There's the story of a two-front war which continues to occupy billions of taxpayers' dollars and nearly a quarter million US troops. There's the simultaneous absurdity and critical nature of the war. There’s the tragedy of war itself, the adventure of combat, the fear of being the one who never sees his family again, and the general belief that the leaders of this country have committed the US armed forces to a mission the policymakers didn’t clearly understand. There are the individual stories of the hundreds of friends I still have out there.
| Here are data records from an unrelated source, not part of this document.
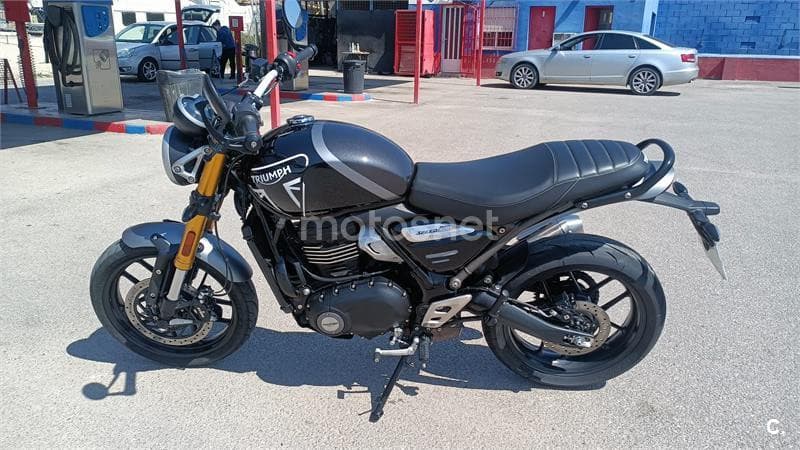 Triumph Speed 400 – Vista 6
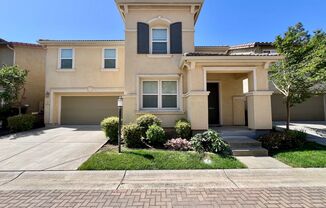 Charming and Clean 3 bed/3 bath in The Hamptons Natomas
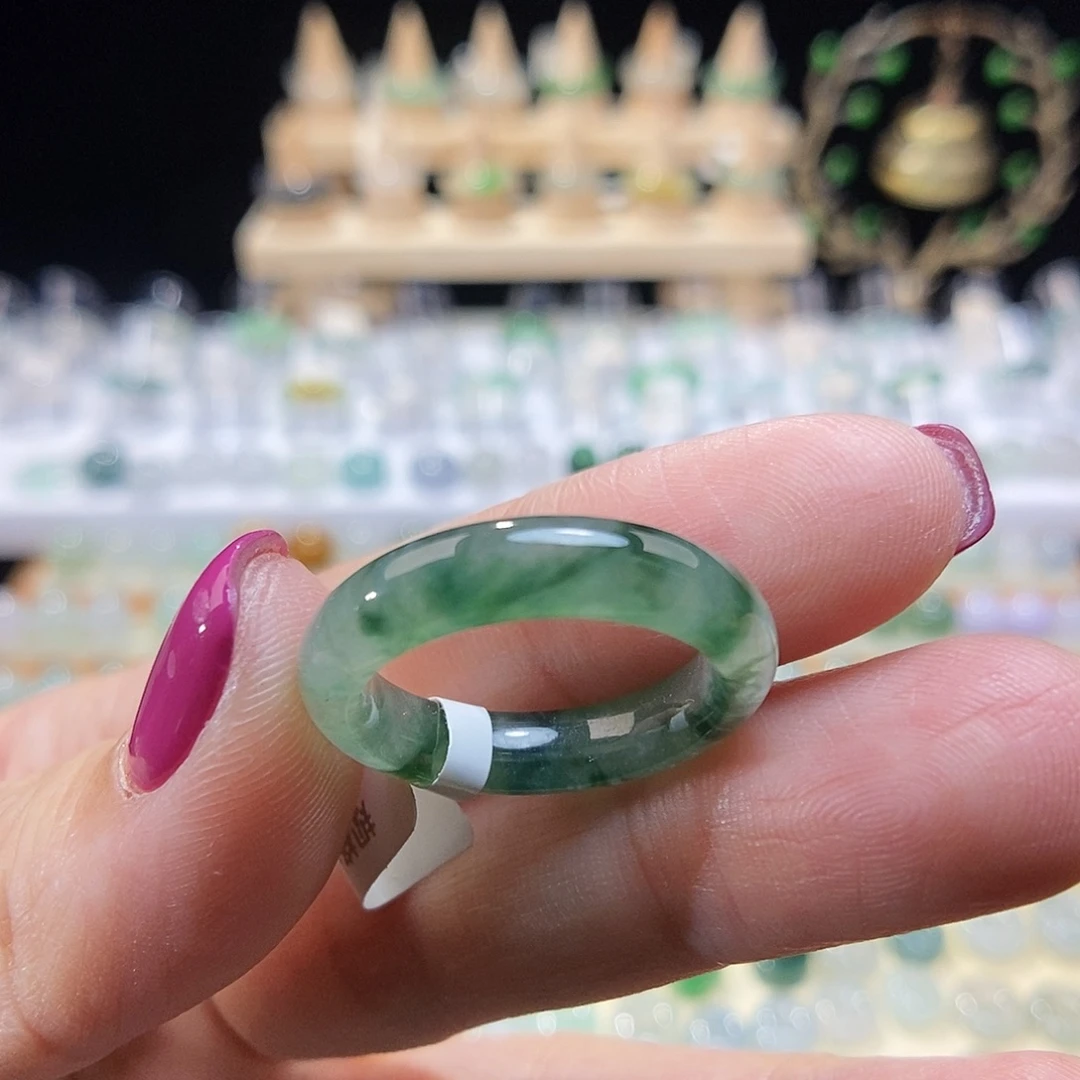 翡翠未镶嵌戒指16号芙蓉绿戒指
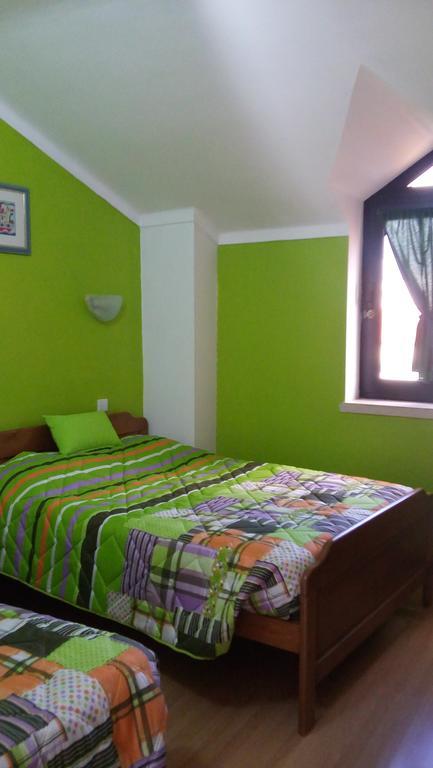 Residencial Moeda Hotel Coimbra Bagian luar foto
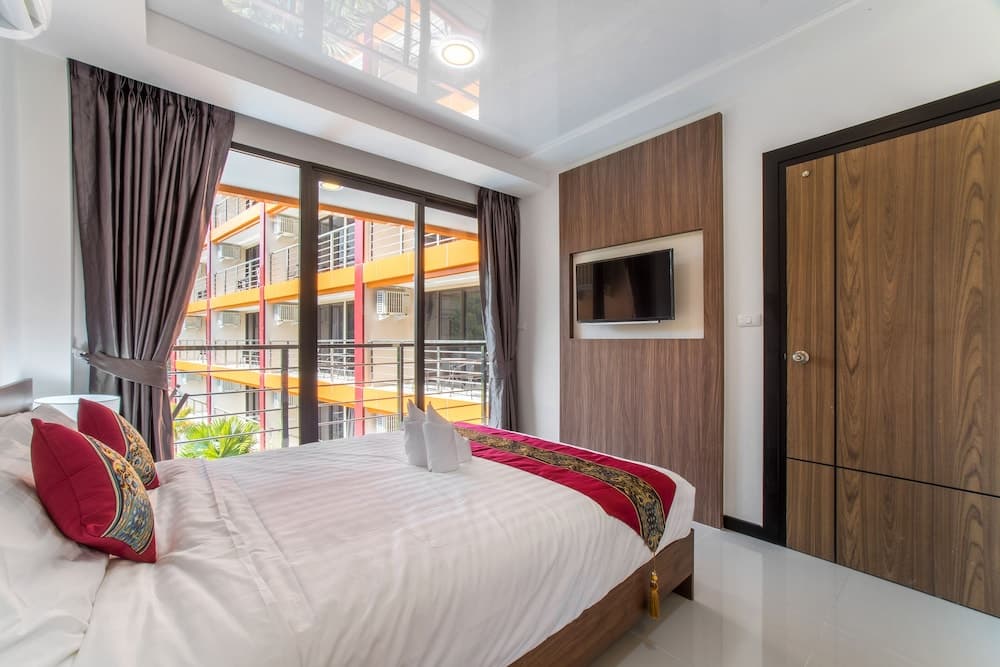 Naiharn Sea Apartment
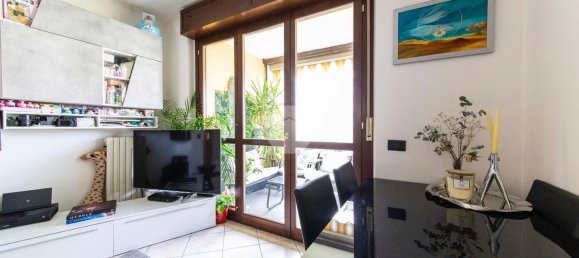 3 rooms Apartment in Rozzano, Italy No. 4968 10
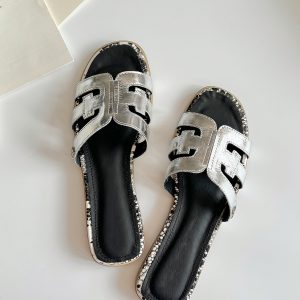 Trendy Women's Cowhide Sandals - Simple Korean Style Flat Beach Slippers for Summer Fashion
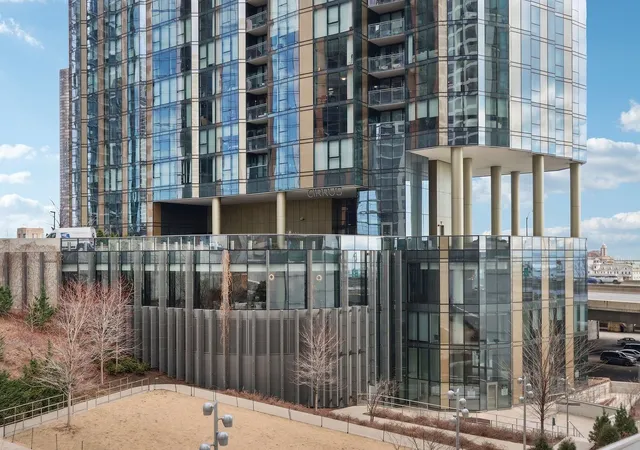 $7,000 | 211 North Harbor Drive, Unit 408, Chicago, IL 60601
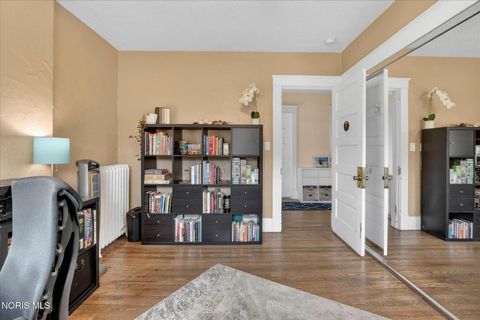 Tiny photo for 135 Amherst Drive, Toledo, OH 43614 (MLS # 10005768)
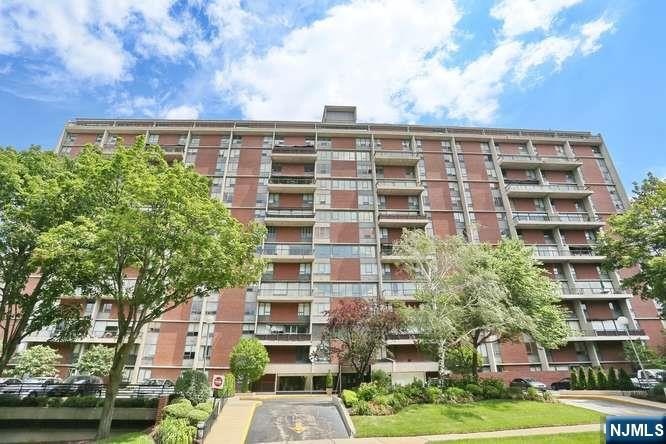 This 2-bedroom, 2-bathroom up-split duplex-style co-op at - Beach Other for sale in Fort Lee, New Jersey on Beachhouse.com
There is the chaos of being home, the complication of human interaction. There is a total lack of the peace and refreshment which I so desperately sought. I’ve told people I’m ready to leave again, which no doubt horrifies them. Yet how much of this is a calling, and how much of it is running? I wish I knew the answer. Prayers have thus far produced little response. I will keep praying. It changes me - which can't be a bad thing.
If I had to distill everything, I would say that choosing the path I have has alienated me from a great deal of what most people consider "normal." I don't regret taking it, but I confess that I don't particularly like walking it alone. I am not in the military anymore, yet I am not exactly a civilian either. I am both, and none, and something in between. A bridge perhaps? A link? A misfit? An adventurer? A wayward? My answer depends on my demeanor, and the weather, and how much sunlight I've seen. And the rain. I miss combat boots. A lot of vets never stop wearing them.
When I pulled into a gas station three day ago, the first thing I noticed about the car in front of me was the Marine Corps sticker on the back window. The second thing was a young guy stepping from the passenger’s seat. The third thing was the USMC tattoo on his arm. In talking with him, I learned he’s home on pre-deployment leave – a month away from his first combat deployment. In short order, his unit will be patrolling lonely territory in the Helmand province of Afghanistan.
For all my eagerness to return to the United States, as much as I missed my family and detest the heartbreaking worry I’ve caused them and others, as lonely as I have been, as little as I like living out of a bag and wearing the added weight of body armor, for all the danger, misery and tragedy of a combat zone, and despite the fact that I will make friends only to lose some of them, I still miss it. As we stood in the gas station parking lot talking, there was only one thing I wanted to tell that young Marine: “Take me with you, brother; I’m ready to go. I’ll absolutely hate it, but I love you guys.”